*** RECORDS SUPPLIED ***

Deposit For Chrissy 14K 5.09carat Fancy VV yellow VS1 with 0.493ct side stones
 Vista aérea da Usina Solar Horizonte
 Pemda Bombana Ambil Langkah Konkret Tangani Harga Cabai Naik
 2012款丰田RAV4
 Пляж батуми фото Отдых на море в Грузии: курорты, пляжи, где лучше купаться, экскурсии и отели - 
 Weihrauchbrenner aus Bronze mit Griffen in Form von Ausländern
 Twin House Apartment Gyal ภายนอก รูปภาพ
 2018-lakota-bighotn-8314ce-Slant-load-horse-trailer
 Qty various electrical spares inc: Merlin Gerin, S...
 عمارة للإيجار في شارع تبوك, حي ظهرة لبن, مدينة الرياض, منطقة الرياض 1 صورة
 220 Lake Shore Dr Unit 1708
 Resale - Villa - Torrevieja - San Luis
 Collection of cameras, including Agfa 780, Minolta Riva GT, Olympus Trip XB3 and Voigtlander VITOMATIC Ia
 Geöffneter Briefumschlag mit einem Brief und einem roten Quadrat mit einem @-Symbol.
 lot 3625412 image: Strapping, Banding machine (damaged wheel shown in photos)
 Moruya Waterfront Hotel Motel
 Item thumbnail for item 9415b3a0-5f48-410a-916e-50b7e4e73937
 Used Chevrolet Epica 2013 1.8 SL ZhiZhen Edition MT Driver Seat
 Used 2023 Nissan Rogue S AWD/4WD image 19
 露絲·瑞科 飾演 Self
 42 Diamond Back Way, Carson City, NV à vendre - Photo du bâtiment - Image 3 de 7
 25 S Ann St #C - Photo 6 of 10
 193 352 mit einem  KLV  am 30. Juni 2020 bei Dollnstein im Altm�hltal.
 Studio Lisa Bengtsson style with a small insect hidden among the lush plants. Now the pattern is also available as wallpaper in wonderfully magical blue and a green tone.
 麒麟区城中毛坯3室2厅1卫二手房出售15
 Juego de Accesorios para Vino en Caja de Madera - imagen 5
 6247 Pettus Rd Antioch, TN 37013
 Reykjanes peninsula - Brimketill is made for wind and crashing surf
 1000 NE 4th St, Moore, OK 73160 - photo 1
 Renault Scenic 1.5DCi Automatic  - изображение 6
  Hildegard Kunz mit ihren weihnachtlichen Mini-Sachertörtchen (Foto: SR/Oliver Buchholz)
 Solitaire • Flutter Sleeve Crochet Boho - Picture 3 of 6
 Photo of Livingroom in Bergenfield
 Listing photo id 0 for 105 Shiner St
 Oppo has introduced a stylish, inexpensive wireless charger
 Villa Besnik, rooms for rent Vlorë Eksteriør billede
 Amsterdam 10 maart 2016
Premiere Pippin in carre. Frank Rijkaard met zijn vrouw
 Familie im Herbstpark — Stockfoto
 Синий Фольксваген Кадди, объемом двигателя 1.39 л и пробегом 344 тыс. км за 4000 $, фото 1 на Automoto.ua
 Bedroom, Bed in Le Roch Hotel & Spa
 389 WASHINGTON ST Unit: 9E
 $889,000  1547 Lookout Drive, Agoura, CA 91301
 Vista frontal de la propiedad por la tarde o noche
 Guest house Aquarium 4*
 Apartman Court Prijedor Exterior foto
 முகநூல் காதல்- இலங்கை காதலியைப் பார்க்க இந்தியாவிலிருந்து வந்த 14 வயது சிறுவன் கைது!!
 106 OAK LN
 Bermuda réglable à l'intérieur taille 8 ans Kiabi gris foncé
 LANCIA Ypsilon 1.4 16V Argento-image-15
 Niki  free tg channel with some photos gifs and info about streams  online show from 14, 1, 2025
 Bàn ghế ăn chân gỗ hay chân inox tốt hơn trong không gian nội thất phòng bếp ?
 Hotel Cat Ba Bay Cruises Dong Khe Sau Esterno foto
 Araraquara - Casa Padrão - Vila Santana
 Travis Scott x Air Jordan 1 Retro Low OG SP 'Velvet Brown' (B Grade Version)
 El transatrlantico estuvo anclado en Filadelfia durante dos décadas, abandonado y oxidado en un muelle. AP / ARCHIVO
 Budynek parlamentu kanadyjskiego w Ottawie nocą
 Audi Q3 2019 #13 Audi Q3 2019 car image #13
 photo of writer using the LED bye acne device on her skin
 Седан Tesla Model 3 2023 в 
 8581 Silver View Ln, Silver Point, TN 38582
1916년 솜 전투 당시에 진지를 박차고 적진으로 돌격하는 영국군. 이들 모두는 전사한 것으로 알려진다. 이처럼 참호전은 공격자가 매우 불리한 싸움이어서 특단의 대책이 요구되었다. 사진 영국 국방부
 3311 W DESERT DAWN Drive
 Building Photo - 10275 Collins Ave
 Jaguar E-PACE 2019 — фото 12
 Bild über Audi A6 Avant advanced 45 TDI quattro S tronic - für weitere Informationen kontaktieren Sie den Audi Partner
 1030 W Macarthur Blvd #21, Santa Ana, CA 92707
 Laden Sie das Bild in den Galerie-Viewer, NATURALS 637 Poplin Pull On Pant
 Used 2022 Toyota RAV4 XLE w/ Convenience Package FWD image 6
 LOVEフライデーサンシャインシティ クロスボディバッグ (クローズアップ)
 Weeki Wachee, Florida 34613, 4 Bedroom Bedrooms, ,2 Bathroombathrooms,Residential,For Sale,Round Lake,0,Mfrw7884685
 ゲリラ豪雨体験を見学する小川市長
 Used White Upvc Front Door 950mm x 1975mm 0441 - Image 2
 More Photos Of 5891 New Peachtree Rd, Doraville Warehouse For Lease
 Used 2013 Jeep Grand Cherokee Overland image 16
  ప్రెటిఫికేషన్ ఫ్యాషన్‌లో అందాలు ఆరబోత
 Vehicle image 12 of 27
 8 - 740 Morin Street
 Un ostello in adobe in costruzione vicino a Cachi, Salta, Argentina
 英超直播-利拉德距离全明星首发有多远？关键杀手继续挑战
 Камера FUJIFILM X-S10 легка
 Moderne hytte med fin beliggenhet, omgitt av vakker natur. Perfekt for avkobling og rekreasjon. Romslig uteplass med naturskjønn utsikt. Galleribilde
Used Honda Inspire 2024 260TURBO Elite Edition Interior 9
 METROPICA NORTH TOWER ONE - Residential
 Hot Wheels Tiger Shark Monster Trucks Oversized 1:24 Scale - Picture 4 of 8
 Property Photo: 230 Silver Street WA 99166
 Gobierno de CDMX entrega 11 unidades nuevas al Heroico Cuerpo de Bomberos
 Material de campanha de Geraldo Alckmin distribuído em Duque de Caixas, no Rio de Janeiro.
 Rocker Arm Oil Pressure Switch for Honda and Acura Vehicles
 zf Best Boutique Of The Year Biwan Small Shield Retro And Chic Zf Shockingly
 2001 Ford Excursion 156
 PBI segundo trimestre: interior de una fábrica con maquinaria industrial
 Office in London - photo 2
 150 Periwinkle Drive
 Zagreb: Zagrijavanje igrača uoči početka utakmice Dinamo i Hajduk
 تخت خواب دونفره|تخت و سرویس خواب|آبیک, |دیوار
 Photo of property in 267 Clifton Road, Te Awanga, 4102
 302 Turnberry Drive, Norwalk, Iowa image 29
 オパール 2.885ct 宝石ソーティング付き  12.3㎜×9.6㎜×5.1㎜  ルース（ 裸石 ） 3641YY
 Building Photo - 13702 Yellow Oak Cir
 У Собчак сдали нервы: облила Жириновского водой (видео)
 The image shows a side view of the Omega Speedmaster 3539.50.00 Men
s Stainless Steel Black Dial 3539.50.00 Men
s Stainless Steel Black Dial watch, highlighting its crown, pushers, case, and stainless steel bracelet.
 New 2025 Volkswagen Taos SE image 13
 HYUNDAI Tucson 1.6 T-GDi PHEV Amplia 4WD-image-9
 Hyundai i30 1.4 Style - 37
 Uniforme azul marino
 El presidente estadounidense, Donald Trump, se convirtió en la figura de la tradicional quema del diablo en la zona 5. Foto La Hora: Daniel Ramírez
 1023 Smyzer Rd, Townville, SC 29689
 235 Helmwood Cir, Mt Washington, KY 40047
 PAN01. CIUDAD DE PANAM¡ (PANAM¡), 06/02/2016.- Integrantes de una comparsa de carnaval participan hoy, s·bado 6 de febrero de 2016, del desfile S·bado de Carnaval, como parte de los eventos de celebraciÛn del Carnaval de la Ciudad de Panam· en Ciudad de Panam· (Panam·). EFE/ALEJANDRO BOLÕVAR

*** End of RECORDS SUPPLIED ***

* **EXERCISE AIM**
Above are the records; from them, give again exactly the lines from the one containing "220 Lake Shore Dr Unit 1708" to the one containing "露絲·瑞科 飾演 Self", both lines included, and nothing more.

* **ANSWER BELOW**
 220 Lake Shore Dr Unit 1708
 Resale - Villa - Torrevieja - San Luis
 Collection of cameras, including Agfa 780, Minolta Riva GT, Olympus Trip XB3 and Voigtlander VITOMATIC Ia
 Geöffneter Briefumschlag mit einem Brief und einem roten Quadrat mit einem @-Symbol.
 lot 3625412 image: Strapping, Banding machine (damaged wheel shown in photos)
 Moruya Waterfront Hotel Motel
 Item thumbnail for item 9415b3a0-5f48-410a-916e-50b7e4e73937
 Used Chevrolet Epica 2013 1.8 SL ZhiZhen Edition MT Driver Seat
 Used 2023 Nissan Rogue S AWD/4WD image 19
 露絲·瑞科 飾演 Self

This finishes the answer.